This patch allows putting instantiated template kernels into comdat sections.

Diff Detail

Event Timeline

yaxunl requested review of this revision.Oct 25 2021, 2:31 PM
yaxunl created this revision.
tra added a comment.EditedNov 1 2021, 1:55 PM

As phrased, the summary would likely be rather confusing for anyone other than you and me.

Currently Visual Studio 2019 has a linker issue which causes linking error
when a template kernel is instantiated in different compilation units.

It's not clear what exactly is the issue and what causes it.

On the other hand, it is unnecessary to prefix kernel stub for MSVC
target since the host and device compilation uses different mangling
ABI.

This could use more details on why different mangling matters here. IIRC, on Linux where both host and device use the same mangling and HIP needed a way to tell apart the GPU-side kernels and their host-side stub. Different mangling makes it a non-issue.

This patch let clang not emit kernel handle for MSVC target to work around the linker issue.

Again, without the back-story the jump from linking error to mangling differences to "let's not emit a handle" does not make much sense.

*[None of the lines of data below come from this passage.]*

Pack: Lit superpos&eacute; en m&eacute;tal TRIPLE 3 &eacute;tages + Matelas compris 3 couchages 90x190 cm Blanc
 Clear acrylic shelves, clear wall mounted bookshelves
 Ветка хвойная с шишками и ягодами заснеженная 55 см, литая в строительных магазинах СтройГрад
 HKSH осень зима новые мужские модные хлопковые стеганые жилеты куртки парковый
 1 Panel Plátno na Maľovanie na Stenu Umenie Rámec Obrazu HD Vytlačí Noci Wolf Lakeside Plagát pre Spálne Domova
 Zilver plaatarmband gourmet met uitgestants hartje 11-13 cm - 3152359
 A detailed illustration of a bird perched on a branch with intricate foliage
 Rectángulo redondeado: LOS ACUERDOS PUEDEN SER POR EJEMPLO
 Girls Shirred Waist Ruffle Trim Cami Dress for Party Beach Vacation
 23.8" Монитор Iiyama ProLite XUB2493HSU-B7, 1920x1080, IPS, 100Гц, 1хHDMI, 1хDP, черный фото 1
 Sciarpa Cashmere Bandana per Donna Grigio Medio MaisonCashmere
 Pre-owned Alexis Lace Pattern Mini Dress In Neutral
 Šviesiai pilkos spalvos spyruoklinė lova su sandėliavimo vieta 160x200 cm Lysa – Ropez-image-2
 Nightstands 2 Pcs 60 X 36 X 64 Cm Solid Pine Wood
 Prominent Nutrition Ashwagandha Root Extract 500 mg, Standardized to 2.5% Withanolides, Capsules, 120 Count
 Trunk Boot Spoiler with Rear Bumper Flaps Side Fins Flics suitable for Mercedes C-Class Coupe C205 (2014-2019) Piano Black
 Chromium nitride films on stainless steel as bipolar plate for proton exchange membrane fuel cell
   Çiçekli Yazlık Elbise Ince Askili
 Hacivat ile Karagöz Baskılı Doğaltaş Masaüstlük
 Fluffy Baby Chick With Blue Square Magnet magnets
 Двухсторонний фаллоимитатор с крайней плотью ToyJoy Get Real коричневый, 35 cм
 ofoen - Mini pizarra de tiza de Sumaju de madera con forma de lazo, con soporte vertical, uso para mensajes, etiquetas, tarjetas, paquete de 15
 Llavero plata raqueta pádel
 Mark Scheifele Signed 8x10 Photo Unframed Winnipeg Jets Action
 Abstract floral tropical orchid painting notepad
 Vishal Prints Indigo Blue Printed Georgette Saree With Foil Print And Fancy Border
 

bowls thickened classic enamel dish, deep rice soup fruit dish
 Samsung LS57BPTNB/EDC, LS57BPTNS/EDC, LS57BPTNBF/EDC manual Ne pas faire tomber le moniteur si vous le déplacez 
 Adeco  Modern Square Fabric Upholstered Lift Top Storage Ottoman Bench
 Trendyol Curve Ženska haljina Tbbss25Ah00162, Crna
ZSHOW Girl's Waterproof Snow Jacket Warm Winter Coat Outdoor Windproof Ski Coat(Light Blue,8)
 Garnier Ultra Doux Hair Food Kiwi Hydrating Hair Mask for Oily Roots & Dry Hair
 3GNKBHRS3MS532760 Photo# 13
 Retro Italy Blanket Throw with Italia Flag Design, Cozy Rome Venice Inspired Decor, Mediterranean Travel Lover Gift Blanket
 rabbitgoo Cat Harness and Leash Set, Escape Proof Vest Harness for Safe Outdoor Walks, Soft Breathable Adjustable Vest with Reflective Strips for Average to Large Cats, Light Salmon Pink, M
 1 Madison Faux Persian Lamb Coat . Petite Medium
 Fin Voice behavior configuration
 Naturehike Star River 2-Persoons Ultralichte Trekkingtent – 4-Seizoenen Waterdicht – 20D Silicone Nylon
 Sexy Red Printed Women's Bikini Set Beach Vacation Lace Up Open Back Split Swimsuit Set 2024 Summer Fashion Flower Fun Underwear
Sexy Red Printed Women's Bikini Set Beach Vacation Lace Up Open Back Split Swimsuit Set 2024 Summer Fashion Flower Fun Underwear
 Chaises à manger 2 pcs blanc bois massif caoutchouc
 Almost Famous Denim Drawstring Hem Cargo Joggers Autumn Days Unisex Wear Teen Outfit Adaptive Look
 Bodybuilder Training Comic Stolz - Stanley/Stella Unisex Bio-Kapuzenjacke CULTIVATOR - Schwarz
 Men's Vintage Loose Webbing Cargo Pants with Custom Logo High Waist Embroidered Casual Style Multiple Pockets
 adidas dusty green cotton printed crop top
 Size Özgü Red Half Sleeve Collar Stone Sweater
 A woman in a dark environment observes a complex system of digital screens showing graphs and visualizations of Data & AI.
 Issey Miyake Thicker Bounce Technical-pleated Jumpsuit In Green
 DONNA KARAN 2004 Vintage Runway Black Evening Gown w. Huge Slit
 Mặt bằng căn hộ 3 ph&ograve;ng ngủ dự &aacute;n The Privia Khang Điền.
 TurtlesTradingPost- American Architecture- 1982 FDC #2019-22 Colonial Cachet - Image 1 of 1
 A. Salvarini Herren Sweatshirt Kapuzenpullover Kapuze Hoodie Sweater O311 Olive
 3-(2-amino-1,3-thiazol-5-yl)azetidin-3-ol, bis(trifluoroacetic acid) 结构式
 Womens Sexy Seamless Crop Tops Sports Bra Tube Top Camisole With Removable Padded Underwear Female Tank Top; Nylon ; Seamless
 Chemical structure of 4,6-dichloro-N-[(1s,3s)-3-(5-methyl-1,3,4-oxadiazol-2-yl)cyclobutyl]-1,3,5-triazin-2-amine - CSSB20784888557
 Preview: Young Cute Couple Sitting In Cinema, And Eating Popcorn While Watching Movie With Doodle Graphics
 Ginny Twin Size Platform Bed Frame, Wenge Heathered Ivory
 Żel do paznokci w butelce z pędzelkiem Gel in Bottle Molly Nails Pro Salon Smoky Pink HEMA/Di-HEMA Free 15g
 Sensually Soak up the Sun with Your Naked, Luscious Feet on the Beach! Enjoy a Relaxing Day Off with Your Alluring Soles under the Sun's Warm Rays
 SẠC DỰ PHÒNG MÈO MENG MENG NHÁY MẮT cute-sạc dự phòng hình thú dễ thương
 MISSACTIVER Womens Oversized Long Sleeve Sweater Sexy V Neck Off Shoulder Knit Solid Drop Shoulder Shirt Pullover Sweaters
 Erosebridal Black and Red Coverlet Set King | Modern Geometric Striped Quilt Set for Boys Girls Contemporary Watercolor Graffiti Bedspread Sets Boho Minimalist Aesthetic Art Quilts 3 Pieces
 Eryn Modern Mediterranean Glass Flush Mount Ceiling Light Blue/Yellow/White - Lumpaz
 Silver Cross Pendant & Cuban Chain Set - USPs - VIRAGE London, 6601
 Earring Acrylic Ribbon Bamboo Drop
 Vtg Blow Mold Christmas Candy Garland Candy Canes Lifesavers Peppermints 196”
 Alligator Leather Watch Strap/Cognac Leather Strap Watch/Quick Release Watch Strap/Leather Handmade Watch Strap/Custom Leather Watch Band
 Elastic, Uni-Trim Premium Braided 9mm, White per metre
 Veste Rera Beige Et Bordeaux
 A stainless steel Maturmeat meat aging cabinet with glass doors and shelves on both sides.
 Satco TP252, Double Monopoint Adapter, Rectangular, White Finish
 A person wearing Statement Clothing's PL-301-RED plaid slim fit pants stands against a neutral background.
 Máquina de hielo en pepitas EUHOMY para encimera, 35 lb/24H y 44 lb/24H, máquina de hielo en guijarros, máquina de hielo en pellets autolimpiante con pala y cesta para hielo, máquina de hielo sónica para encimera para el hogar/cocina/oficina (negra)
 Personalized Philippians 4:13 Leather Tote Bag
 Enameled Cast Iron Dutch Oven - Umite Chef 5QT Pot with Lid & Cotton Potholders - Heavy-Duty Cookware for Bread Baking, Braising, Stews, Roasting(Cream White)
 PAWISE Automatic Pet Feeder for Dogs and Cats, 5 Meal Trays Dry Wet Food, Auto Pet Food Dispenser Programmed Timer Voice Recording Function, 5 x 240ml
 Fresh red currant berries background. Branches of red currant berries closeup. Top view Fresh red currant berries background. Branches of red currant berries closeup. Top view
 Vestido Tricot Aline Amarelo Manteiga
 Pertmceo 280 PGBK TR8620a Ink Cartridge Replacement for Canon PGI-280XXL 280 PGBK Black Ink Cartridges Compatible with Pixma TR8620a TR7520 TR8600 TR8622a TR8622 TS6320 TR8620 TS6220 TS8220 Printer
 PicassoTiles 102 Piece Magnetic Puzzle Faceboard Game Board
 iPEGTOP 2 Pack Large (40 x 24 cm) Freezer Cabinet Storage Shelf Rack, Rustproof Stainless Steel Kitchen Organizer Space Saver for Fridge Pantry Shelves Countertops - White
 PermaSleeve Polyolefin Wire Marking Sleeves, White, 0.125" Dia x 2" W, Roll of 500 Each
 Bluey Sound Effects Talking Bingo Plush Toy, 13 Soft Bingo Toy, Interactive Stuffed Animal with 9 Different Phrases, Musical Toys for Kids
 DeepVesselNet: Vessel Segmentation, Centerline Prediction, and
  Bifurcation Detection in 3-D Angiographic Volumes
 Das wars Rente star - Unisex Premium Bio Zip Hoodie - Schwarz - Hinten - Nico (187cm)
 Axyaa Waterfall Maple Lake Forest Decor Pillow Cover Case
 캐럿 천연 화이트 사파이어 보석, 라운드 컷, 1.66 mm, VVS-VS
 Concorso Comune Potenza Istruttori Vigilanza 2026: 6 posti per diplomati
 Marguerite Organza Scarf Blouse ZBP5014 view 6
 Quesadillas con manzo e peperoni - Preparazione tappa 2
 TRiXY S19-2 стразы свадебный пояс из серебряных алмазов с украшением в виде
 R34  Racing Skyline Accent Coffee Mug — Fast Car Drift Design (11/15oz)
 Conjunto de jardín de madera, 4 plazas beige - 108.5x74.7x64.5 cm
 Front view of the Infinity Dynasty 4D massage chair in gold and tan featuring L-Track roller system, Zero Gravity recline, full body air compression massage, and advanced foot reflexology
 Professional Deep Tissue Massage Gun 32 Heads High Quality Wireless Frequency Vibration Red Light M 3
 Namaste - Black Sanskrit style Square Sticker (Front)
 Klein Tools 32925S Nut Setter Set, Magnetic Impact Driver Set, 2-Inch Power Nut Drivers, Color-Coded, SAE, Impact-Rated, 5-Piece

I'd restructure it along the line of:

  • we emit host-side handles to match GPU-side kernels
  • the handles cause linking issues on windows because of X/Y/Z.
  • handles are not necessary on Windows, because of the different host/device mangling
  • not generating the handles avoids the linking issue on Windows.

This prompts the question -- should/could handle generation be improved instead? Having identical behavior on all platforms would arguably be better than a platform-specific workaround.

yaxunl added a comment.Nov 4 2021, 8:09 AM

As phrased, the summary would likely be rather confusing for anyone other than you and me.

Currently Visual Studio 2019 has a linker issue which causes linking error
when a template kernel is instantiated in different compilation units.

It's not clear what exactly is the issue and what causes it.

Currently, the identical instantiation of a template kernel in different TU causes linking error about duplicate symbols on Windows.

In the beginning, I thought it was due to a bug in MSVC linker. However, further investigation shows that it is not a MSVC linker bug, but a bug of clang.

Basically, it is not sufficient to set linkonce_odr linkage to let MSVC linker merge symbols. The symbol needs to be in comdat sections. This is not required on Linux. However, it would be more consistent to always put kernel stubs and kernel handles with linkonce_odr linkage into comdat if the target supports it.

I will update this patch to fix the comdat for kernel stub and kernel handle.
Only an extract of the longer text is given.